■ Exercise:
Retype, without changes or pictures, only the lines that begin at the one containing "MINIMAL GEOMETRIES 03, 40x60" and end at the last line of the records that follow.

[Crawled caption data]
-- Opening Marker --
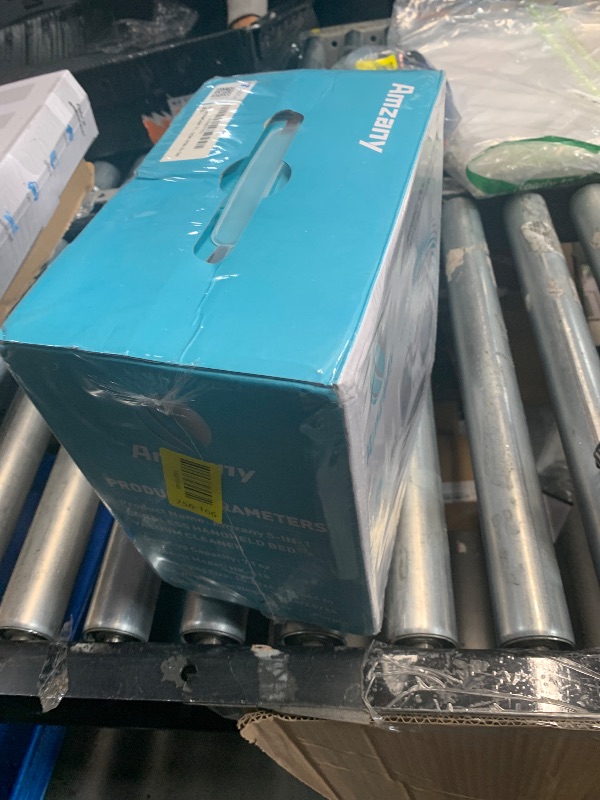 Photo 1 of ***FACTORY SEALED***Amzany Mattress Vacuum Cleaner - 5-in-1 Cordless Bed Vacuum Cleaner, Powered by Ultrasonic Technology, 16Kpa Strong Suction,Low Noise,Suitable for Dust, Pet Hair, Etc - Grey
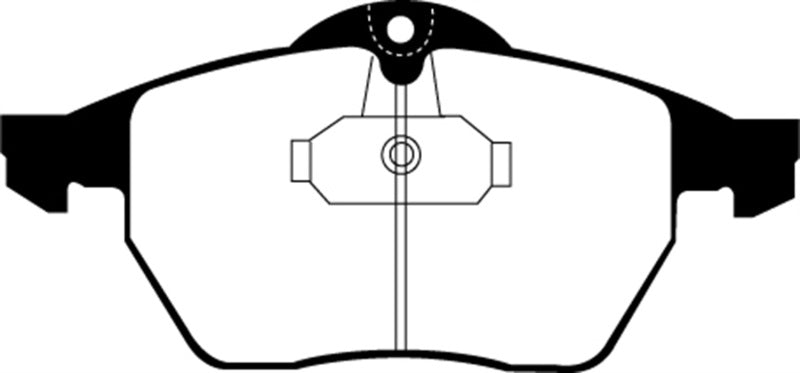 EBC 99-02 Saab 9-3 Convertible Greenstuff Front Brake Pads - DP21062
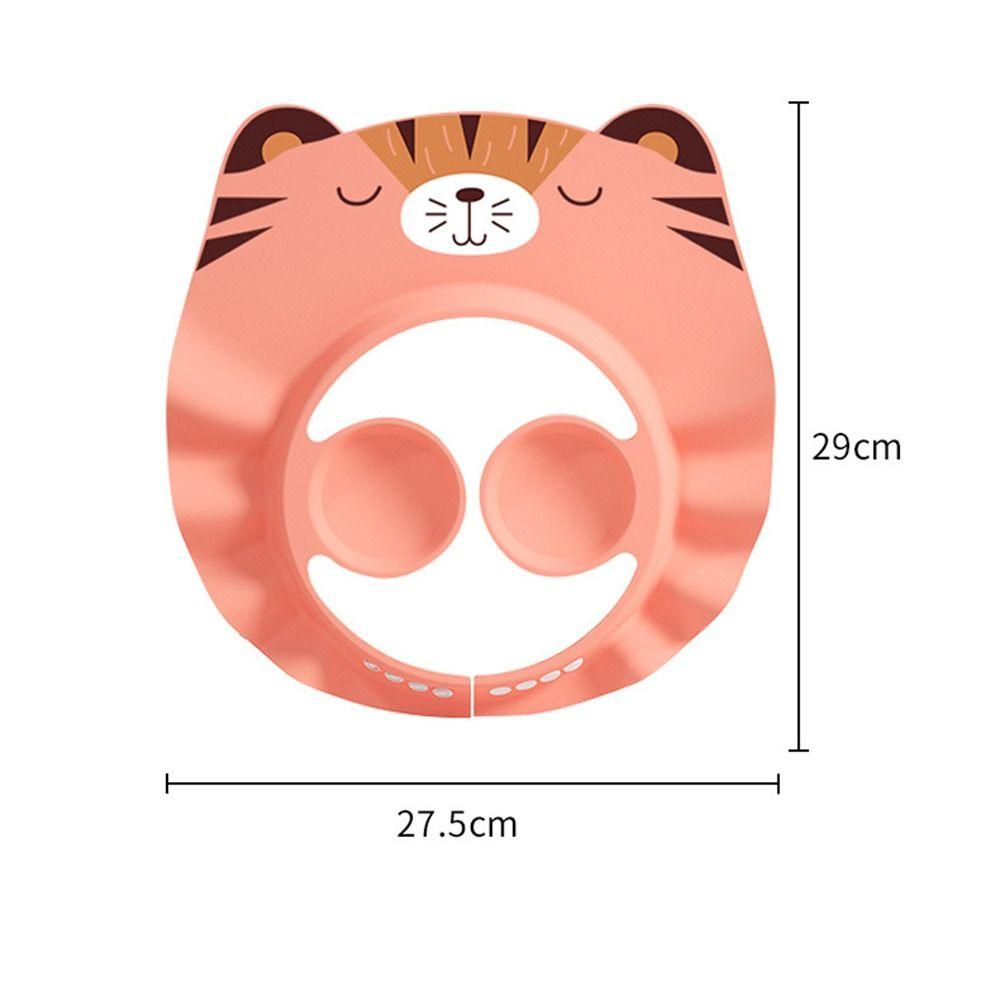 Регулируемая шапочка для мытья волос, водонепроницаемая, защита для ушей, детские шапочки для душа, для детей, малышей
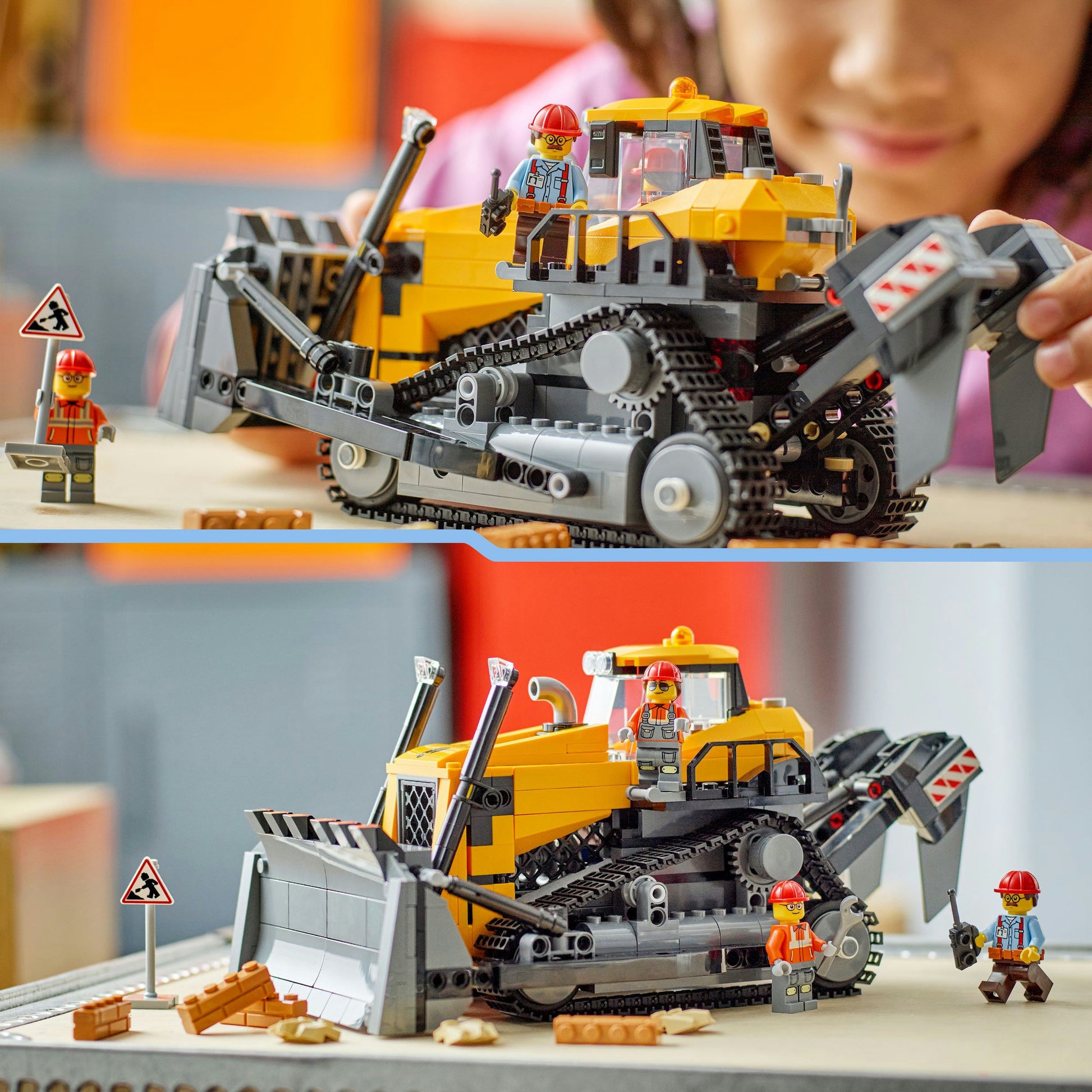 LEGO 60466 City Big Vehicles Yellow Bulldozer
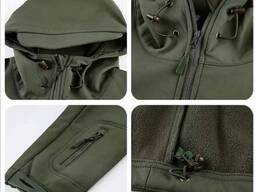 Влагостойкая мужская Куртка-Тровка "StormGuard" – Защита от Негода с Регулируемым. ..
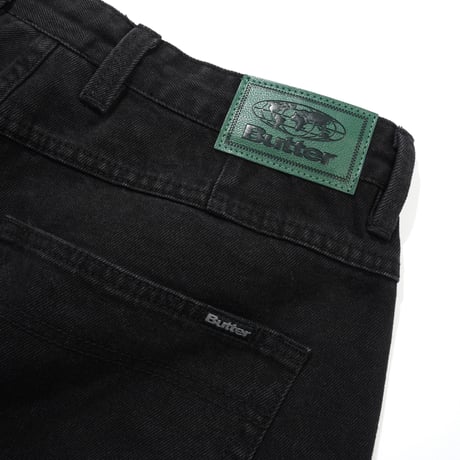 Butter Goods| Wide Cut Denim (BLACK)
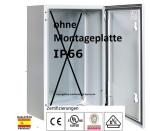 Stahlblech Schaltschrank 800x600x300 mm HBT 1-türig IP66 ohne Montageplatte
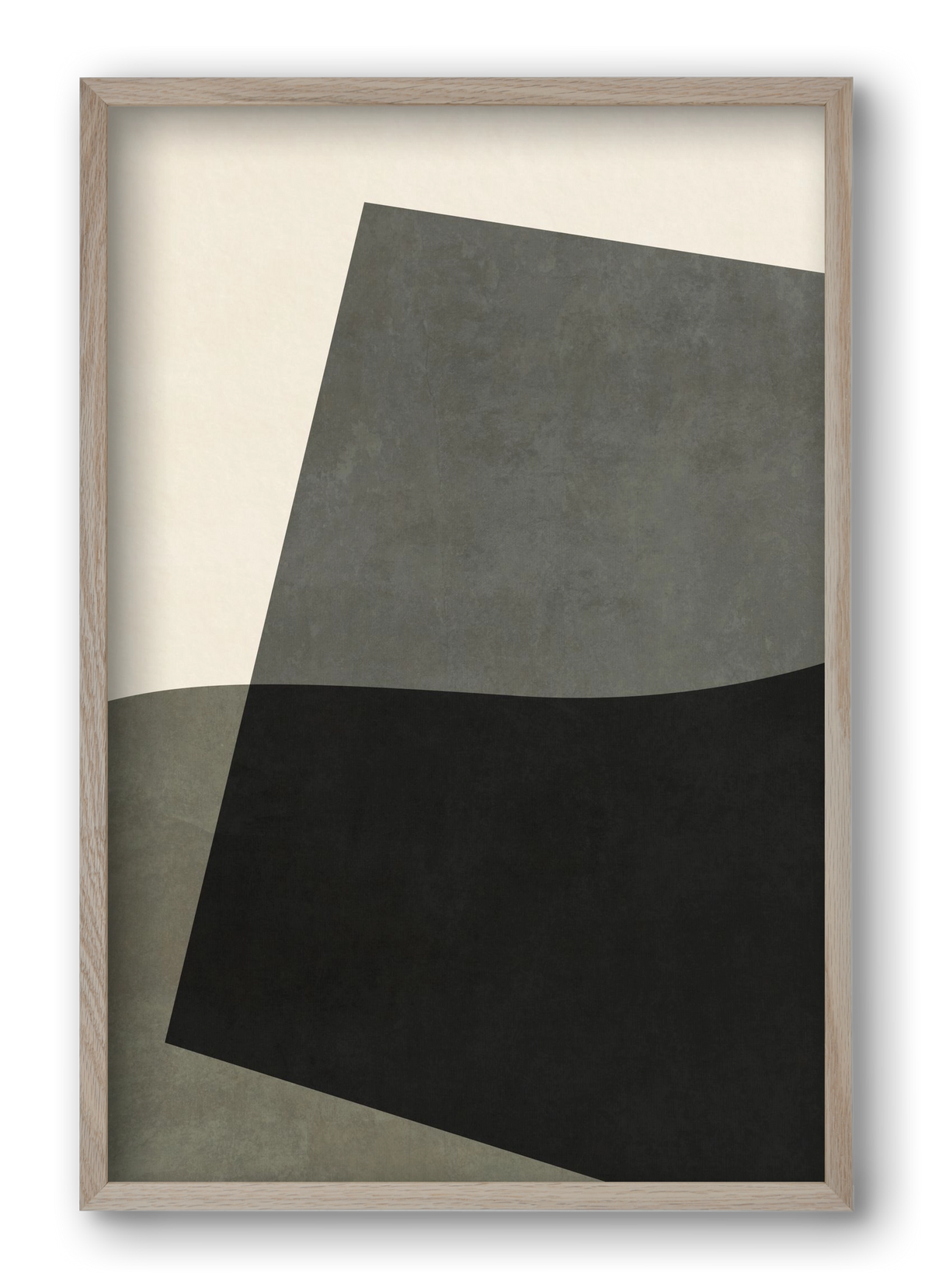 MINIMAL GEOMETRIES 03, 40x60 cm (40x60 cm), Tölgy keret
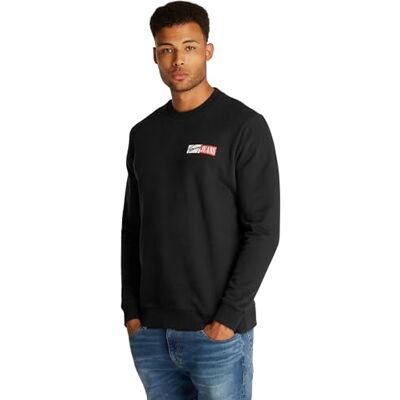 Tommy Jeans Men’s Entry Graphic Round Neck Sweatshirt, Black (Black), XS Tommy Jeans Men’s Entry Graphic Round Neck Sweatshirt, Black (Black), XS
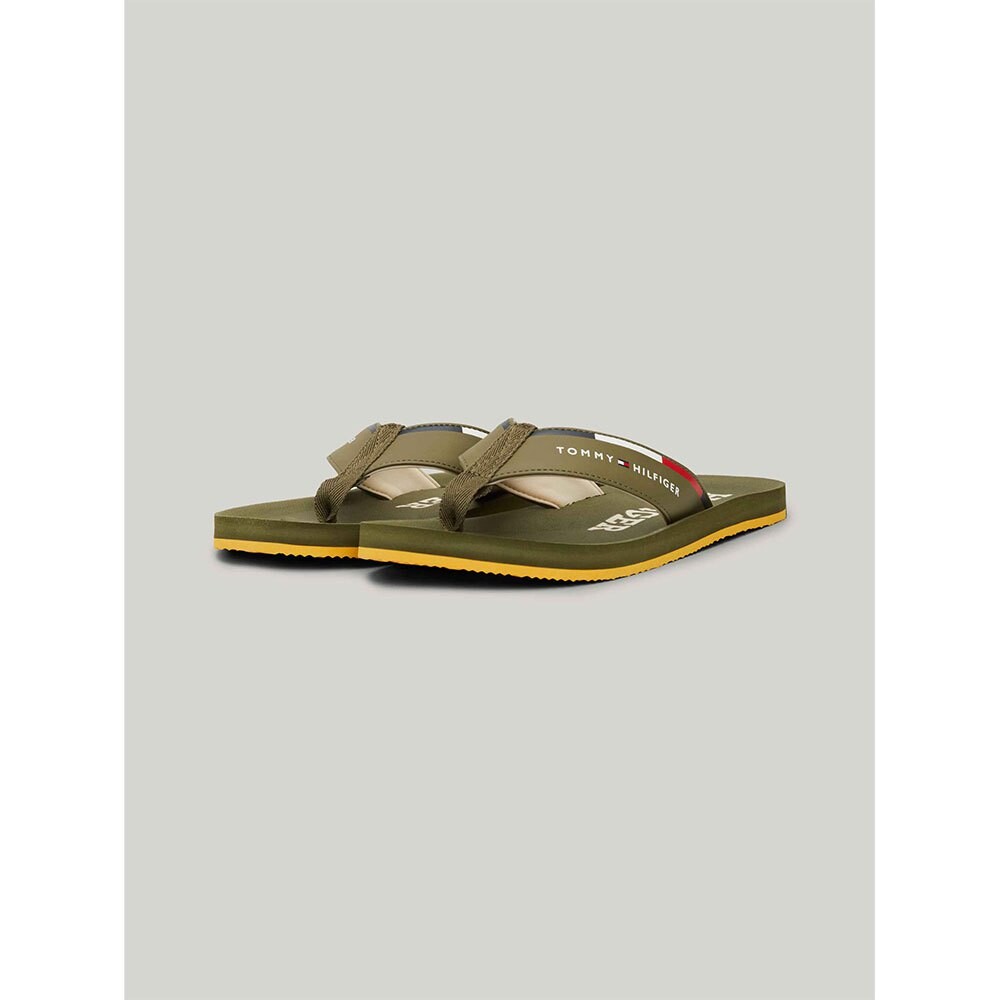 Шлепанцы Tommy Hilfiger Comfort, зеленый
-- Closing Marker --
■ Output of the task:
 MINIMAL GEOMETRIES 03, 40x60 cm (40x60 cm), Tölgy keret
 Tommy Jeans Men’s Entry Graphic Round Neck Sweatshirt, Black (Black), XS Tommy Jeans Men’s Entry Graphic Round Neck Sweatshirt, Black (Black), XS
 Шлепанцы Tommy Hilfiger Comfort, зеленый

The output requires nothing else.